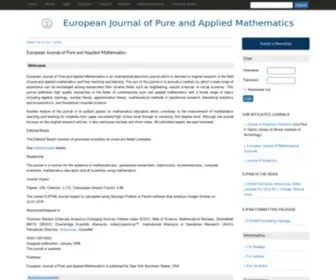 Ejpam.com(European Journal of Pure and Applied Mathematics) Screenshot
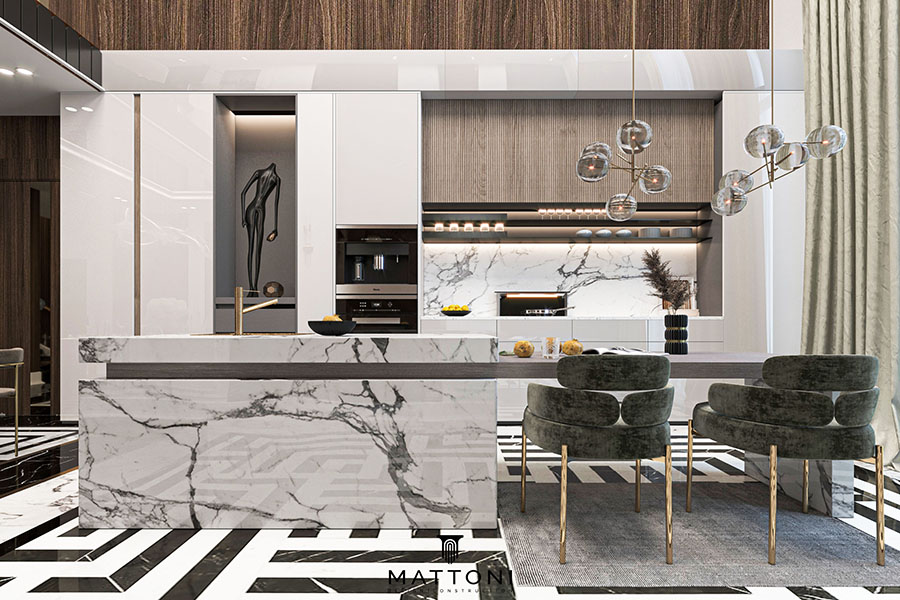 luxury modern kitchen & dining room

---

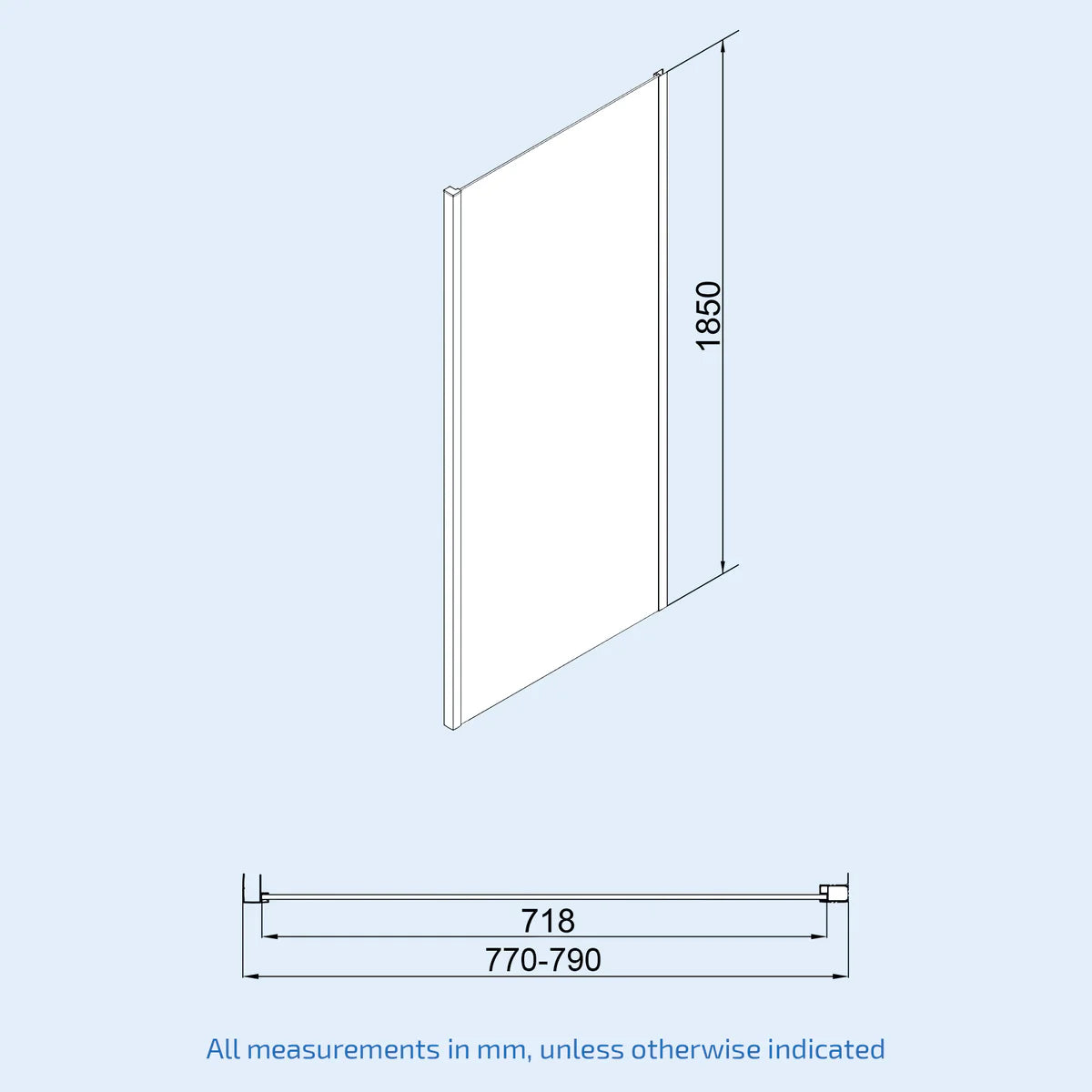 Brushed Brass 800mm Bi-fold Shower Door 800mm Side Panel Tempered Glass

WHAT TO PRODUCE> Beginning with the line above that contains "Ejpam.com(European Journal of" and ending with the line that contains "luxury modern kitchen & dining room", quote each line exactly, keeping out the pictures.

RESPONSE>
 Ejpam.com(European Journal of Pure and Applied Mathematics) Screenshot
 luxury modern kitchen & dining room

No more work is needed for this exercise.